Another item that I mentioned on the last slide was the $27.3 million pretax gain on the sale of the Williston Basin assets in our Oil and Gas segment. Normally, under full accounts -- full cost accounting method, when you sell Oil and Gas, the entire proceeds would be recorded as a reduction to capitalized costs. However, the SEC provides guidance that if applying the entire proceeds would significantly alter the relationship between capitalized costs, improved reserves, then other alternatives should be considered. In our case, we selected an alternative that compares the fair value of the Oil and Gas properties sold as a percentage of the total fair value of the properties. So the end result is recording a pretax gain of $27 million and about $200 million reduction of our Oil and Gas capitalized costs. This reduction lowers our future depletion rate. Of note, this transaction created a substantially larger economic gain than was recognized from the accounting gain.

Another noteworthy item on this slide is in the quarter, was the nominal mark-to-market gain on the de-designated interest rate swaps compared to a large loss in Q3 of 2011. Another item was an income tax rate of 34% for 2012 compared to a 44% income tax benefit in the previous year.

Last year's rate primarily reflects recording a favorable tax return true up adjustment. Year-to-date, our tax rate is 34%, which is a more normal rate for us.

The last noteworthy item and an item of key importance is our EBITDA. We achieved $95 million of EBITDA as adjusted during the quarter or an increase of 29% over 2011.

Moving to Slide 13. Our total revenue declined in the third quarter compared to 2011. And this was primarily driven by a $9 million decline in our Gas Utilities because of the lower price of natural gas. Excluding the gain on the sale of the Williston Basin assets and the related incentive compensation, our total operating income improves 36% over 2011 driven by improvements in the Electric Utilities, Power Generation and Coal Mining.
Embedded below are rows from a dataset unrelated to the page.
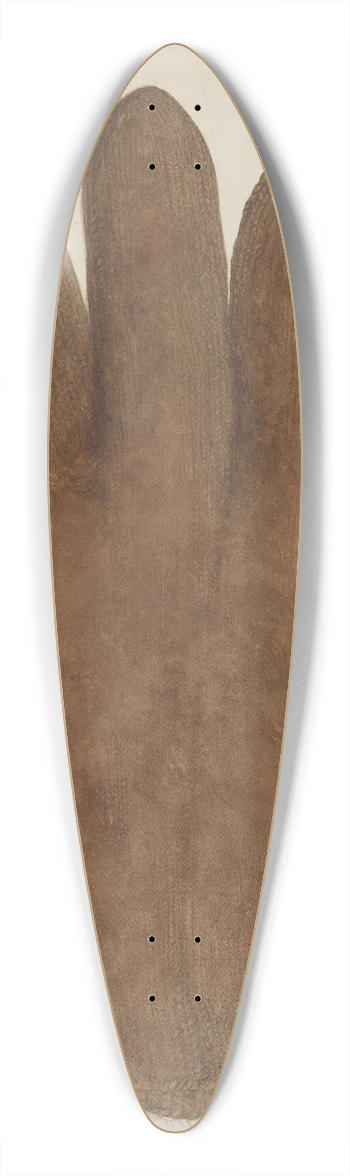 Helen E. Gilman - Shaker Glove 39.3 inch art pintail longboard deck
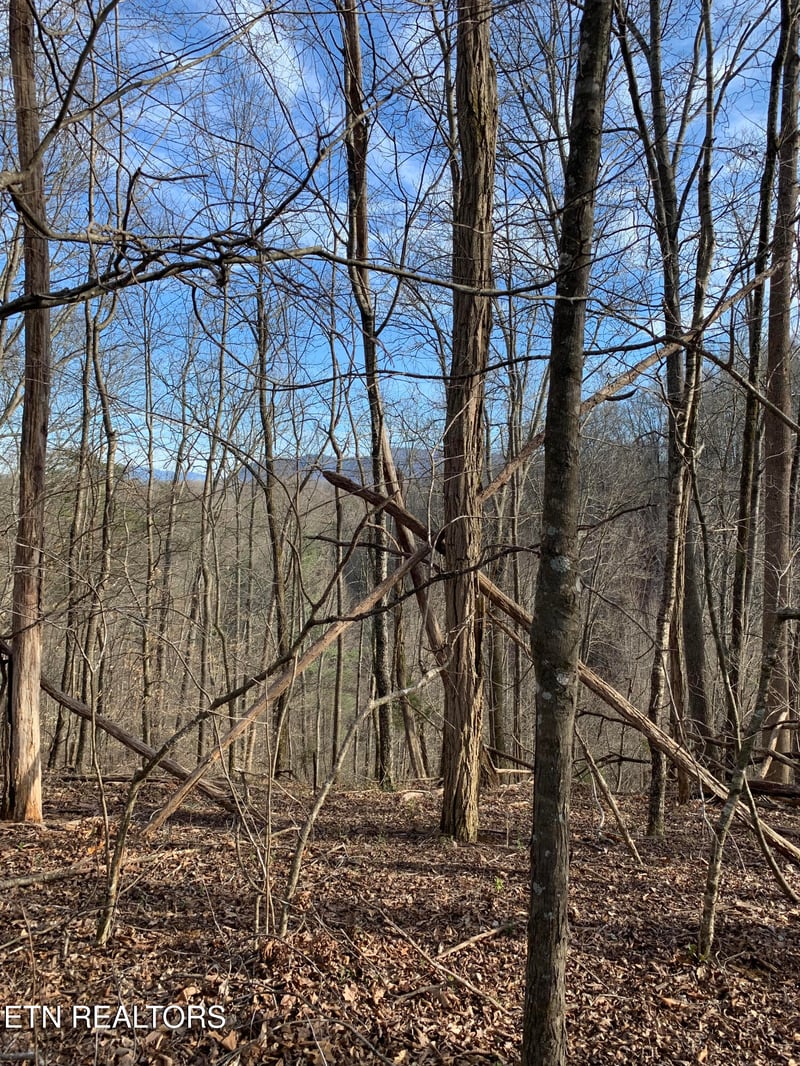4.38 ac N Shiloh Rd, Seymour, TN 37865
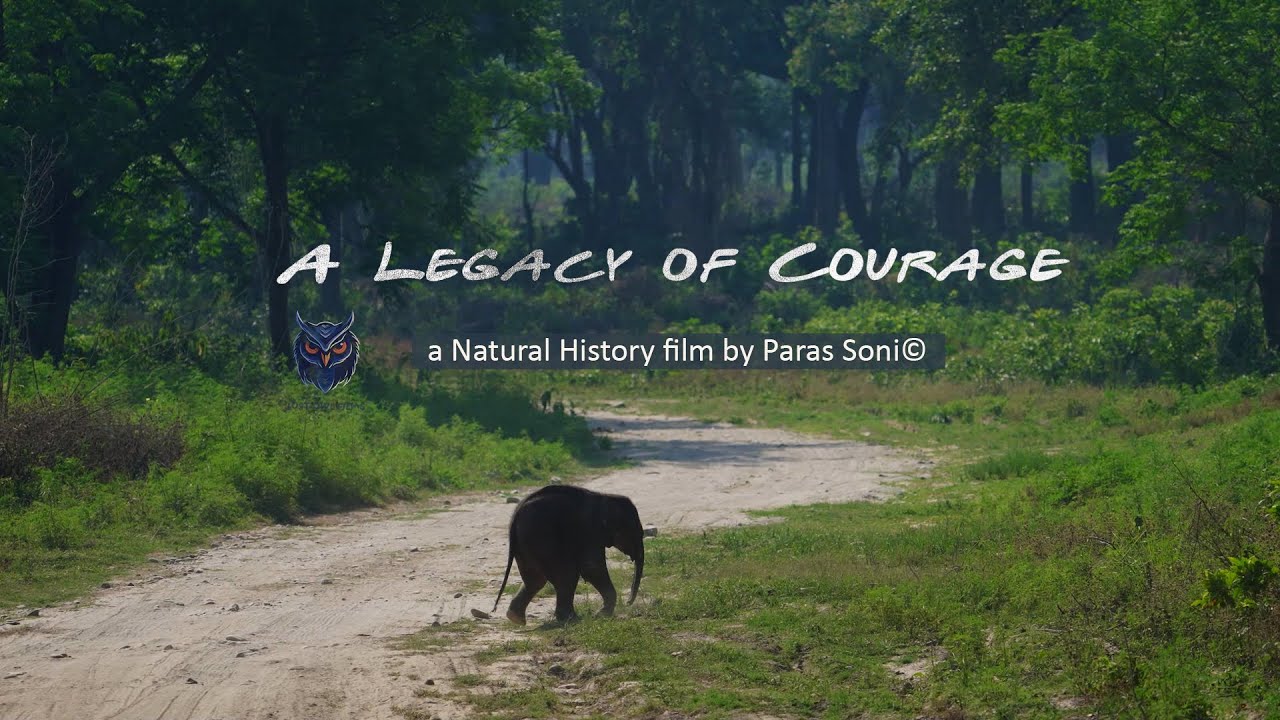 A Legacy of Courage - A natural history film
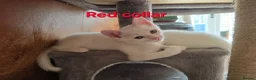 Mixed Breed cats for sale: 5 kittens ready for new homes in Southampton - Advert 17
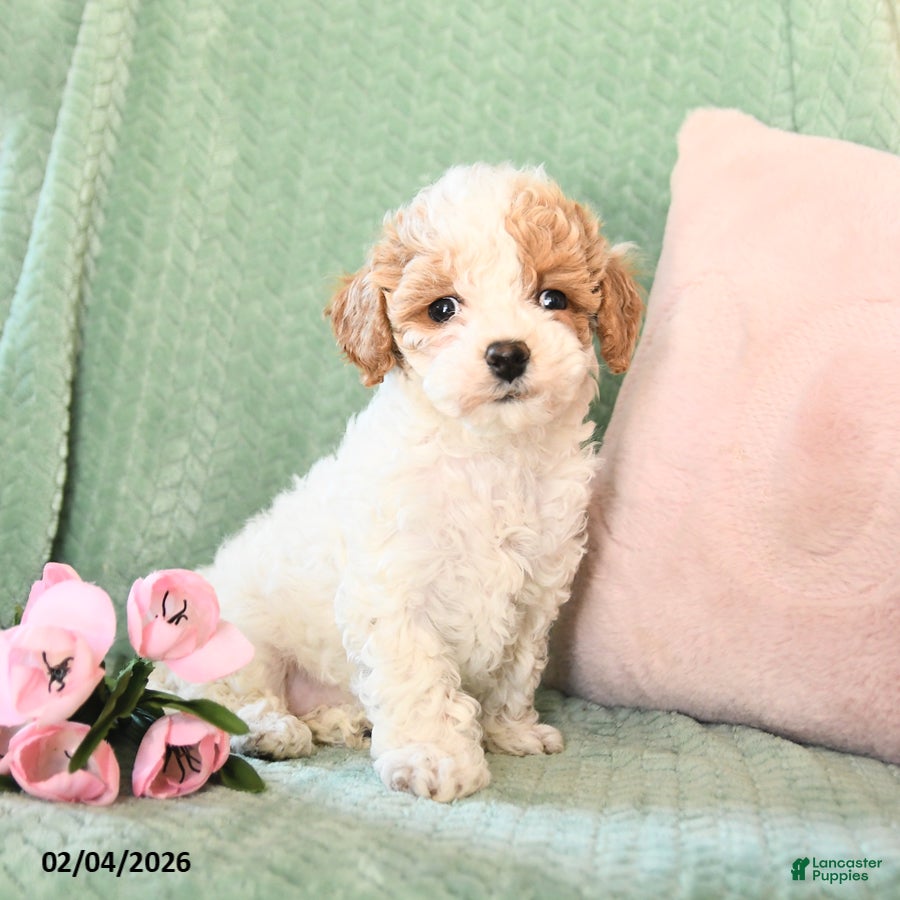 Bichpoo dogs Sunny  - Ad 2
We are pleased with our progress on cost containment knowing that -- noting that our total O&M expenses declined slightly, driven by sizable increases in our Colorado generation complex and our oil drilling program. These increases were offset by a sizable decrease in our Coal Mining expenses.
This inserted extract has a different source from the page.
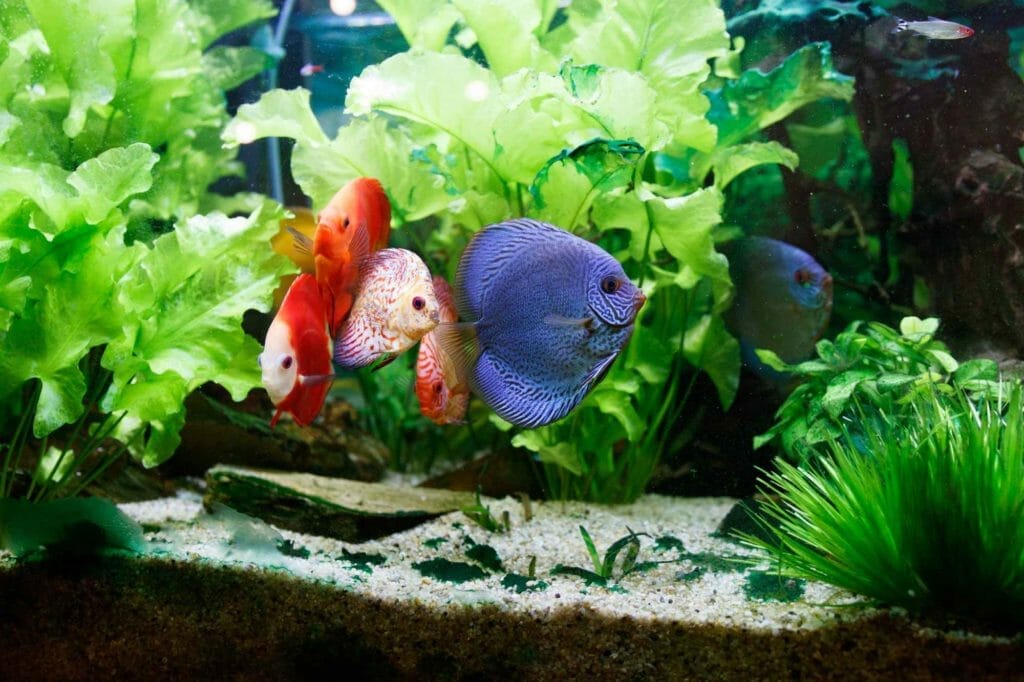 Are Aquarium Plant Fertilizers Safe For Fish? (Best fish safe fertilizers)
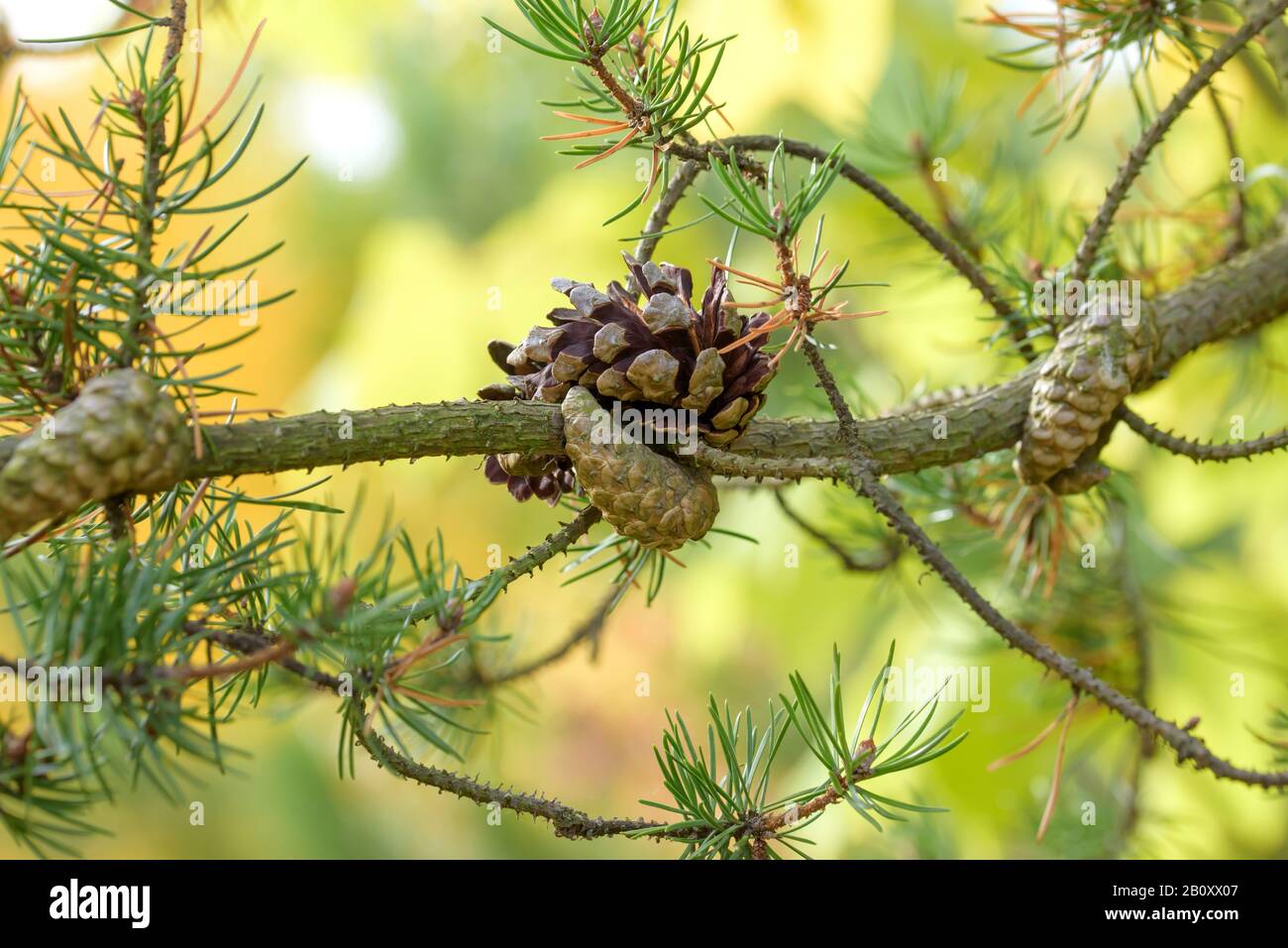 Pino grigio, pino jack (Pinus banksiana), ramo con pino, Germania, Sassonia Foto Stock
O&M expenses for the utility segments were basically flat year-over-year. As you will note in our segment roll up of operating income, we've excluded the impact of a capital lease accounting for our Colorado IPP purchase power agreement. This is an intercompany contract between our Power Generation segment and our Electric Utilities segment. Although lease accounting is required for this purchase power agreement at the segment level by Generally Accepted Accounting Principles, it does not affect our consolidated results. So in this presentation, I've displayed the segment performance, excluding the effects of the lease accounting, which I believe provides a clearer view of segments performance. In our consolidating income statement in our earnings release, we've identified the specific elimination entries for this lease. Also as with all non-GAAP displays, we have included reconciliations to the GAAP amounts later in these slides.
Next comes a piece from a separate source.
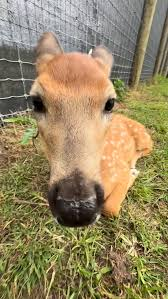 beer 🐝 🦌 tweet media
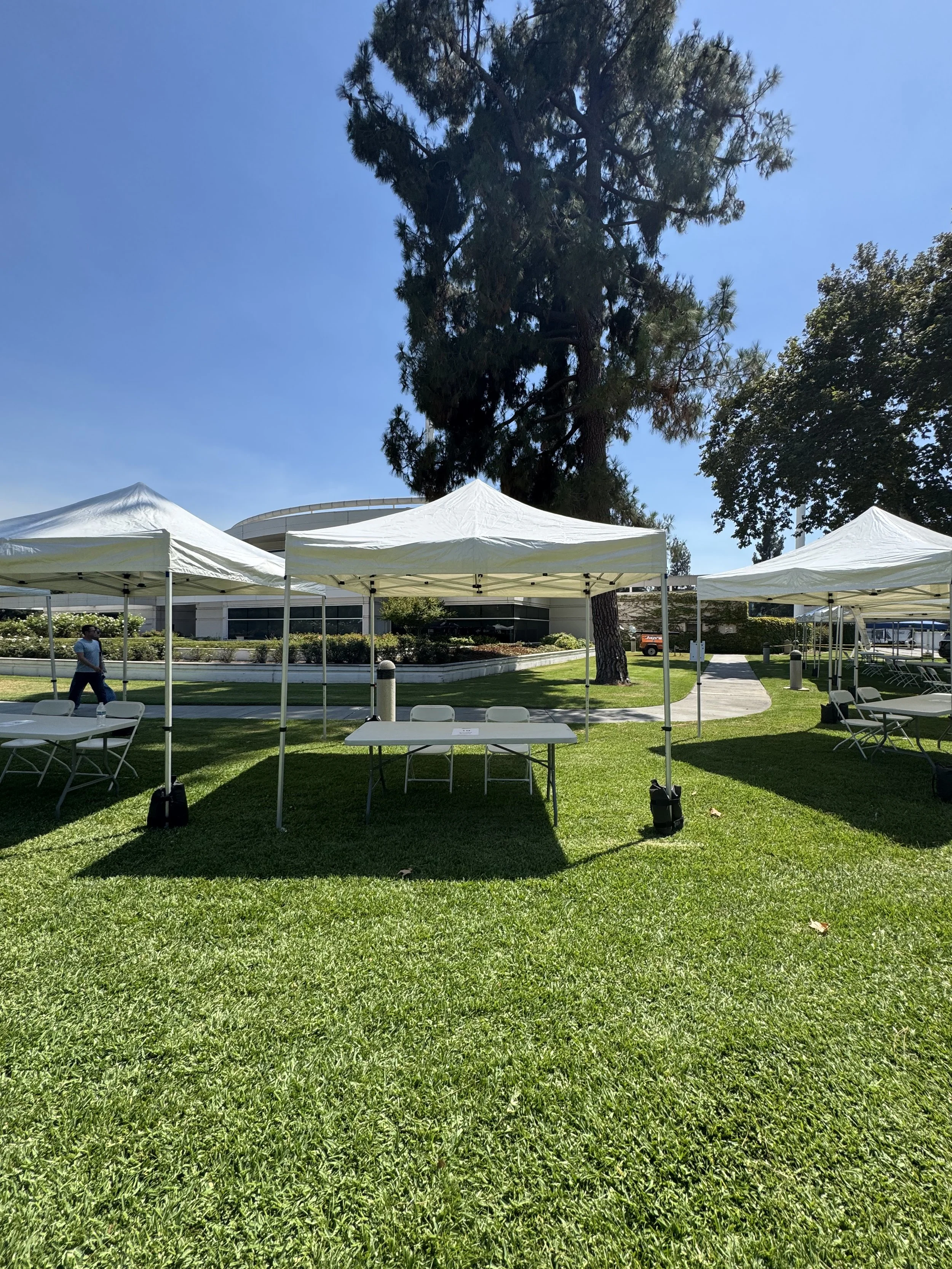 Outdoor setup with white tents, tables, and chairs on a grassy area under a large tree on a sunny day.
Moving to Slide 11. We display our Utility segment's revenue and operating income. During the third quarter, our operating income, as adjusted for the Electric Utilities, improved $4.2 million or 13% year-over-year. This reflects the benefits of earning returns on the increased rate base offset by 5.8% lower megawatts sold during the quarter. Although we had 30% increase in cooling degree days, we experienced lower humidity that more than offset the impact of the higher number of cooling degree days. Also as a result of identifying certain power plants for retirement, the quarter benefited from a reduction of a major maintenance expense accrual in the amount of $2.1 million.

Moving to Gas Utilities. Our operating income declined by 10% in Q3 compared to 2011. Retail decatherms sold decreased by 5% year-over-year as a result of warmer weather and had the impact of reducing operating income by $500,000 compared to 2011. Our cost-containment efforts kept our O&M expenses flat year-over-year in the third quarter.

So if you think about weather impact for the combined Electric and Gas Utilities, it was a net negative for the quarter in 2012 compared to the prior year.

The next segment, Power Generation. We saw revenue in operating income as adjustment increased due to the operational commencement of the 200-megawatt generating facility in Colorado. Operating income increased year-over-year by $7 million, was primarily driven by the new power plant. We're pleased with the performance in availability and earnings that we continue to see from our Colorado IPP.

Moving to the next segment, Coal Mining. We saw operating income improve by $2.5 million over 2011, primarily driven by the expiration of the train load-out contract that had been producing a loss. Unsold decreased by 29% and the average price increased by 21%. We continued to make progress in reducing our mining costs and the revised mining plan lowered our stripping ratio in the Q3 from 2.5 in 2011 to 1.65 in 2012.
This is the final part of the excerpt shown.